Filtration is a mechanical or physical operation which is used for the separation of solids from fluids (liquids or gases) by interposing a medium to fluid flow through which the fluid can pass, but the solids (or at least part of the solids) in the fluid are retained. It has to be emphasized that the separation is NOT complete, and it will depend on the pore size and the thickness of the medium as well as the mechanisms that occur during filtration.

Filtration is used for the purification of fluids: for instance separating dust from the atmosphere to clean ambient air.

Filtration, as a physical operation is very important in chemistry for the separation of materials of different chemical composition in solution (or solids which can be dissolved) by first using a reagent to precipitate one of the materials and then use a filter to separate the solid from the other material(s).

Filtration is also important and widely used as one of the unit operations of chemical engineering.

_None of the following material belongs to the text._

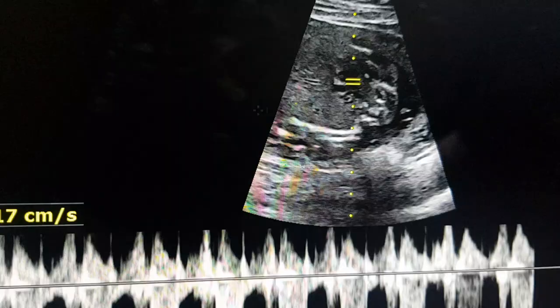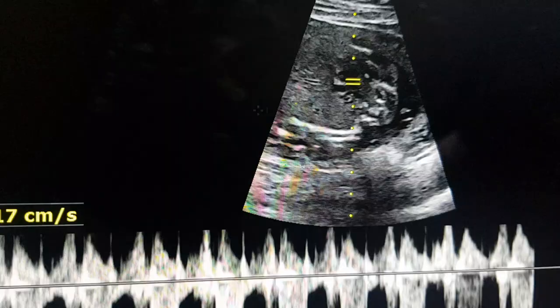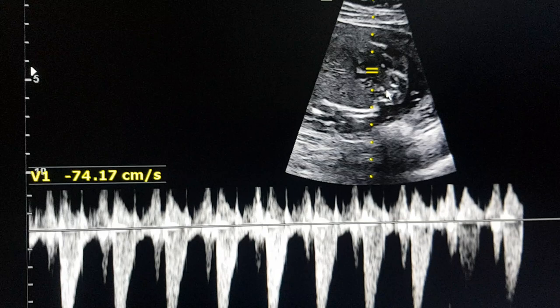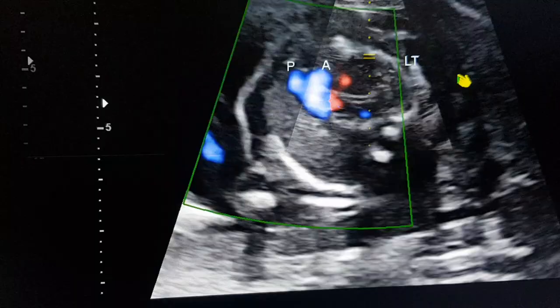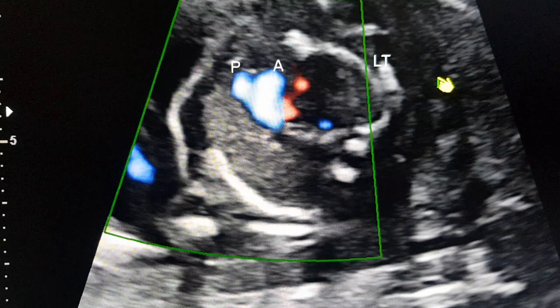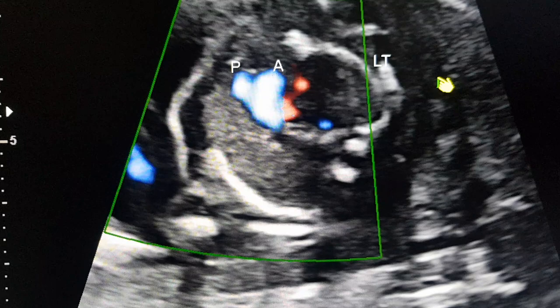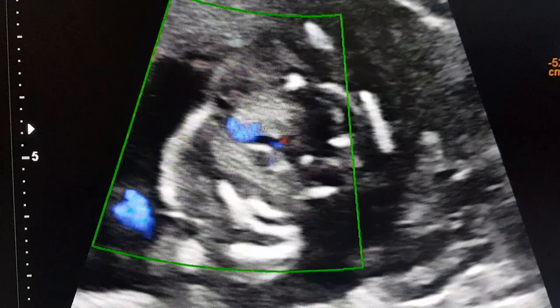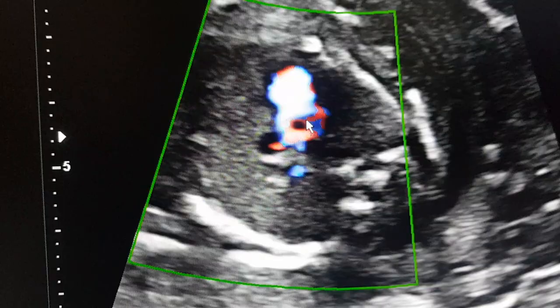This is the ascending aorta coming from the LVOT — we have measured it — and then we take a Doppler waveform of the aorta which is 74 centimeters per second, normal. Then we go to color Doppler and things become very clear: that is the ascending aorta, that is the pulmonary artery, and you can see the pulmonary artery and aorta are parallel to each other — great vessel crisscross is absent. There is transposition. On color Doppler showing the inlet and the outlet, you can see that both vessels are coming from the left ventricle and both vessels are parallel to each other.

It is important not to confuse filtration with sieving. In sieving there is only a single layer of medium where size separation occurs purely by the fact that the fraction of the particulate solid matter which is too large to be able to pass through the holes of the sieve, scientifically called oversize are retained. In filtration a multilayer medium is involved, where other mechanisms are included as well, for instance direct interception, diffusion and centrifugal action, where in this latter those particles, which are unable to follow the tortuous channels of the filter will also adhere to the structure of the medium and are retained.

Depending on the application, either one or both of the components may be isolated. The filtration process separates particles and fluid from a suspension, and the fluid can be either a liquid or a gas (or a supercritical fluid). To separate a mixture of chemical compounds, a solvent is chosen which dissolves one component, while not dissolving the other. By dissolving the mixture in the chosen solvent, one component will go into the solution and pass through the filter, while the other will be retained. This is one of the most important techniques used by chemists to purify compounds.

Filtration also cleans up water streams or other river streams. Furnaces use filtration to prevent the furnace elements from fouling with particulates. Pneumatic conveying systems often employ filtration to stop or slow the flow of material that is transported, through the use of a bag house.